Bucks County Courier Times: “Bensalem police first local department in U.S. to use rapid DNA testing” — “A ‘magic box’ that the Bensalem police acquired recently will enable the department to solve some crimes within about 90 minutes, said Bucks County District Attorney Matthew Weintraub as he and Bensalem Public Safety Director Fred Harran unveiled the new rapid-result DNA testing device Thursday.
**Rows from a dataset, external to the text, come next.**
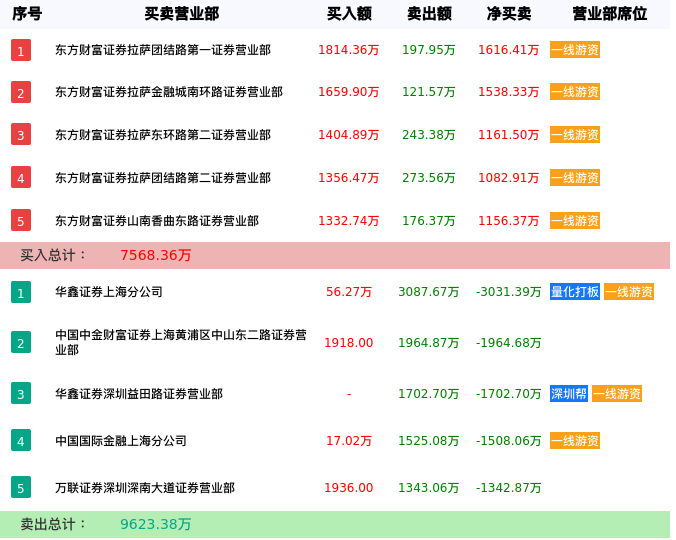 龙虎榜数据解析-浙江震元（000705）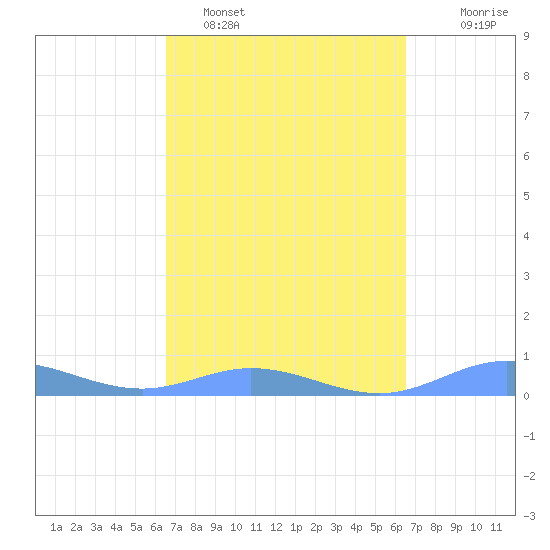 Roosevelt Roads tide chart for Friday, March 10, 2023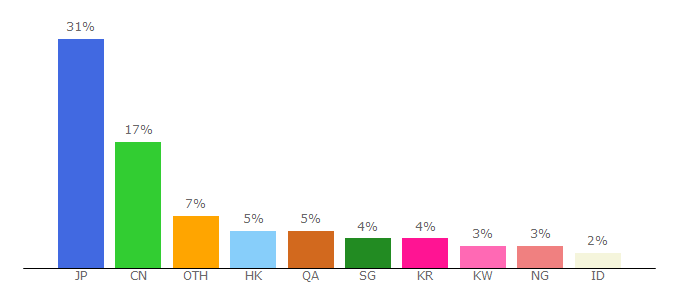 Top 10 Visitors Percentage By Countries for vipleague.ws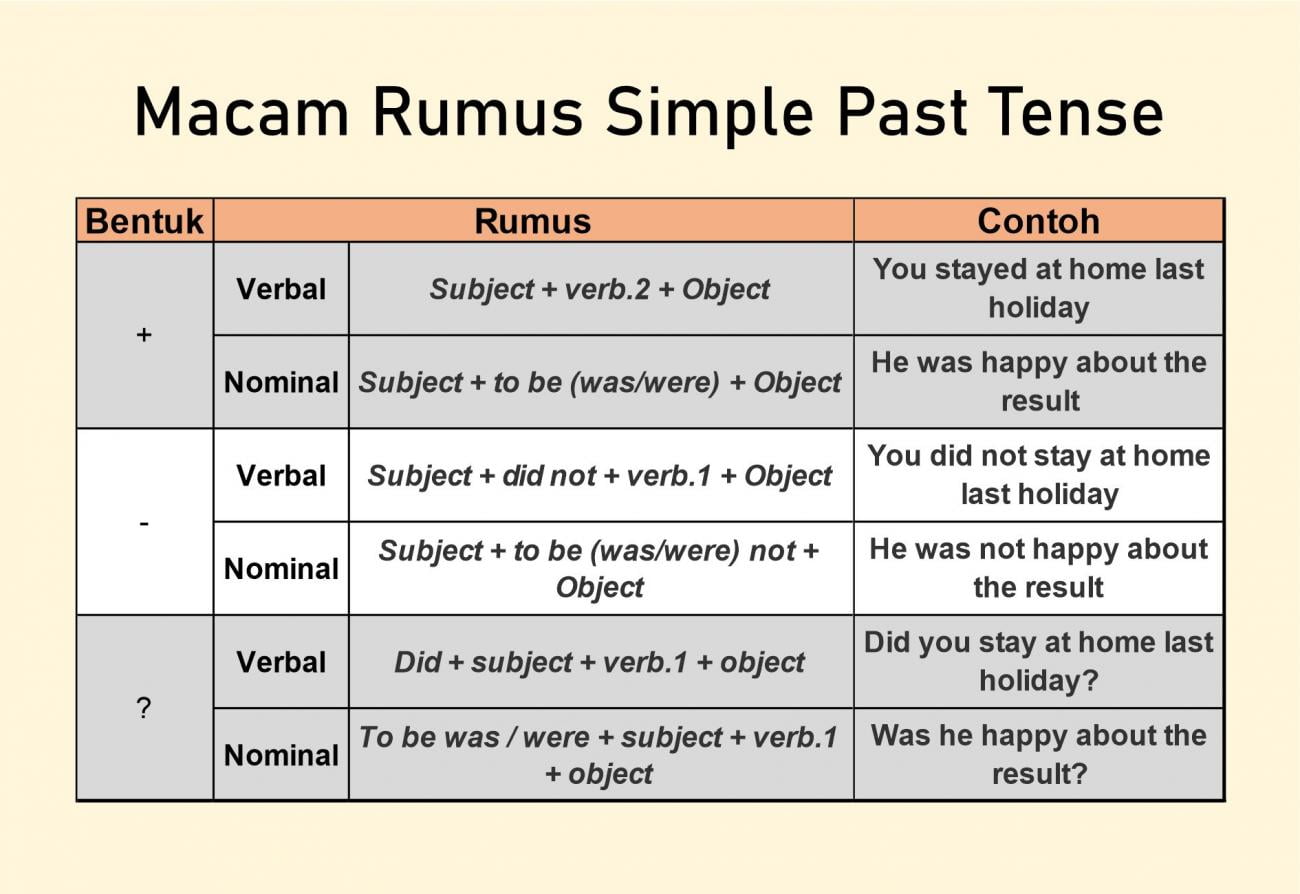 Gambar ilustrasi tentang simple past tense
“The department attempted a similar pilot project back in 2013, but never got it off the ground because of a $1 million cost to set up an on-site lab.

“This time, a lab isn’t needed, dropping the cost of the project to $150,000. The box, called IntegenX RapidHIT ID, allows police to rapidly analyze DNA collected from inside a potential suspect’s mouth to see if it matches DNA taken from crime scenes that Bensalem and 38 other police departments in the county are storing at the Bode Cellmark Forensics lab in Lorton, Virginia.”

Hilary McQuilkin and Adam Waller produced this hour for broadcast.